EXERCISE BRIEF:
Start the copy at the line containing "Keeneland Fall Meet" and run it through the last line of the records. Repeat each line exactly; omit pictures.

DATA:
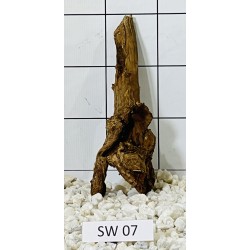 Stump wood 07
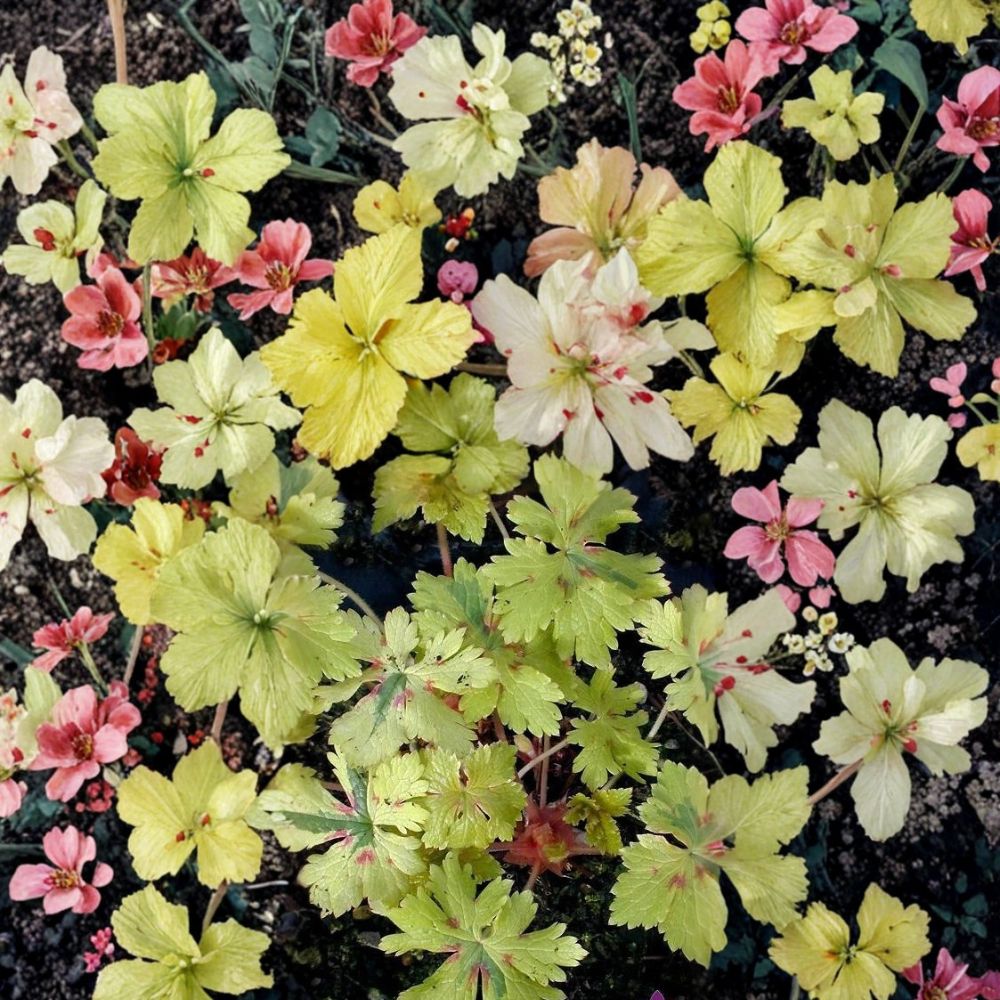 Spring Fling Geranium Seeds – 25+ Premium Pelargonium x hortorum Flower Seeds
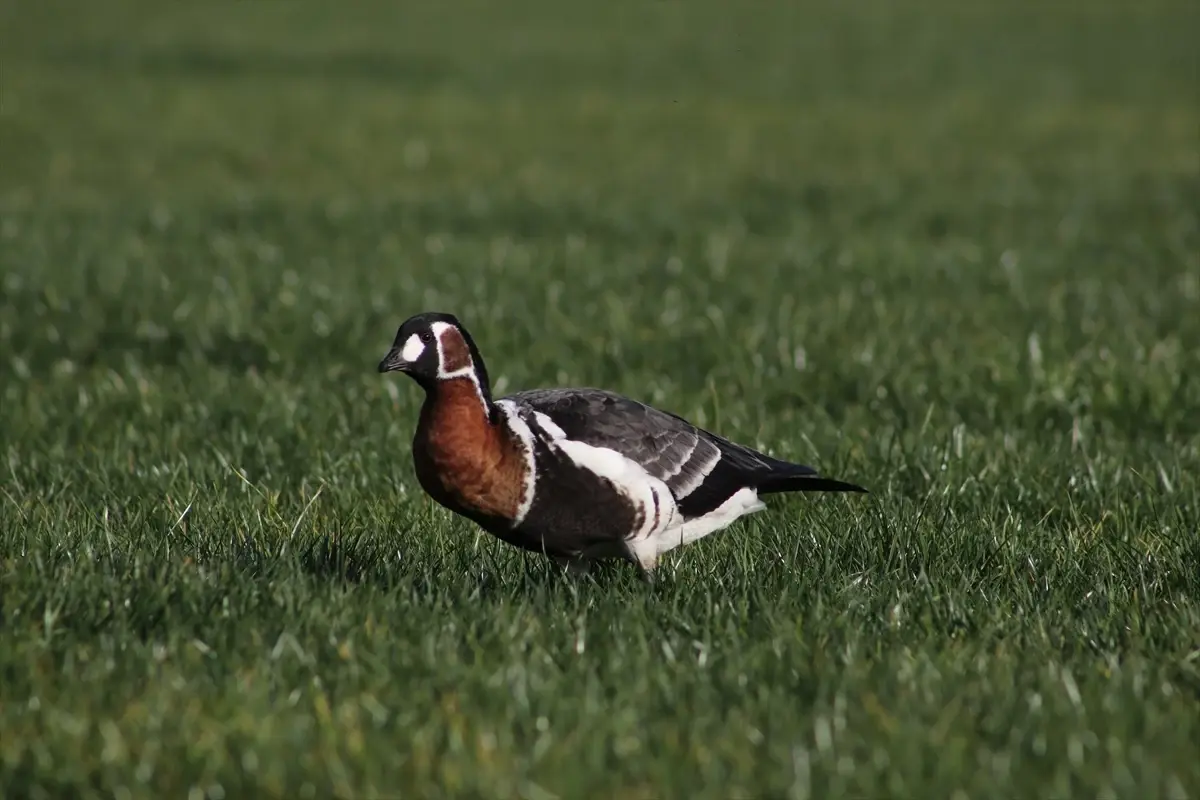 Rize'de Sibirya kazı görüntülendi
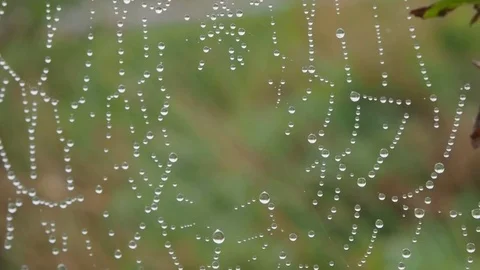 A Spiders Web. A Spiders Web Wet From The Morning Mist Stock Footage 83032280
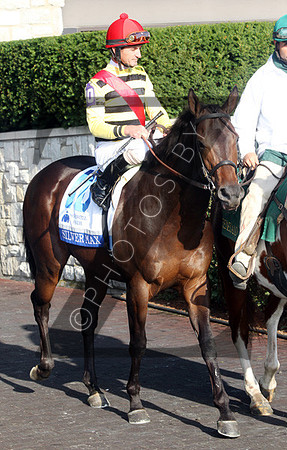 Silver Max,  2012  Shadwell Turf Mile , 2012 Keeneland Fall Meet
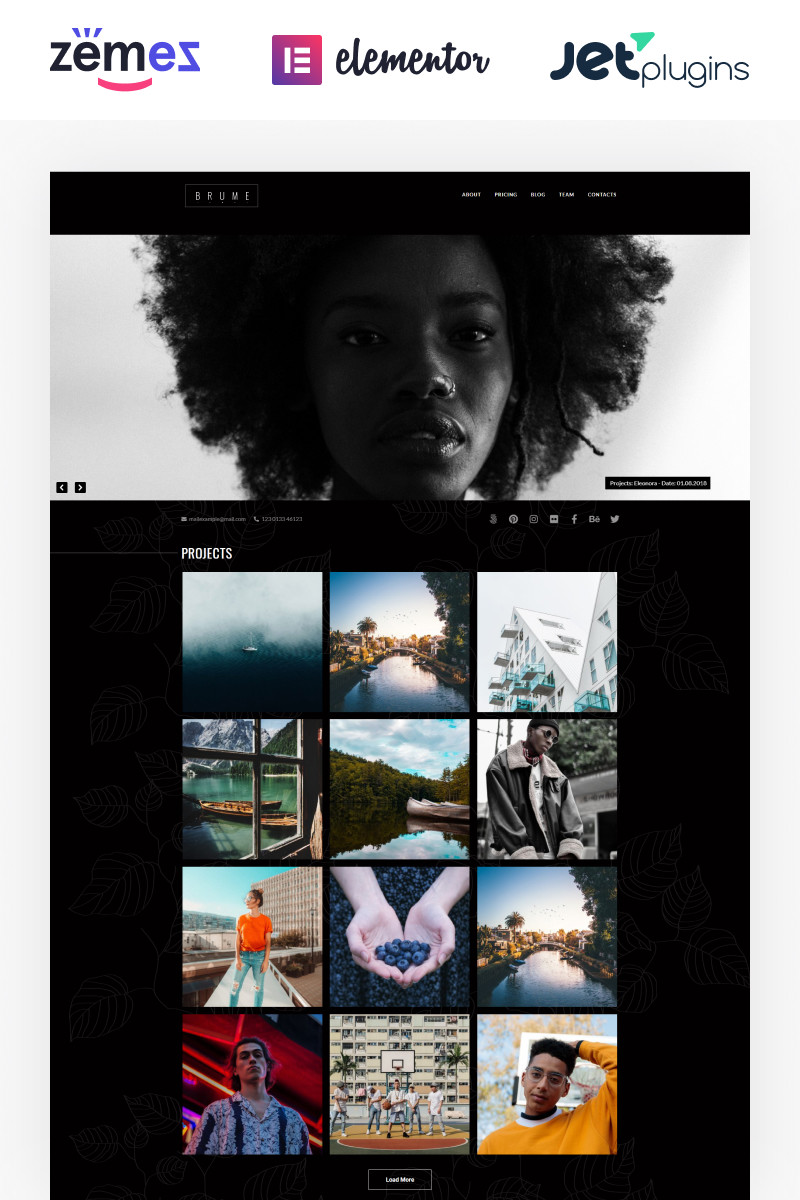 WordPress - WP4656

SOLUTION FOR THIS EXERCISE:
 Silver Max,  2012  Shadwell Turf Mile , 2012 Keeneland Fall Meet
 WordPress - WP4656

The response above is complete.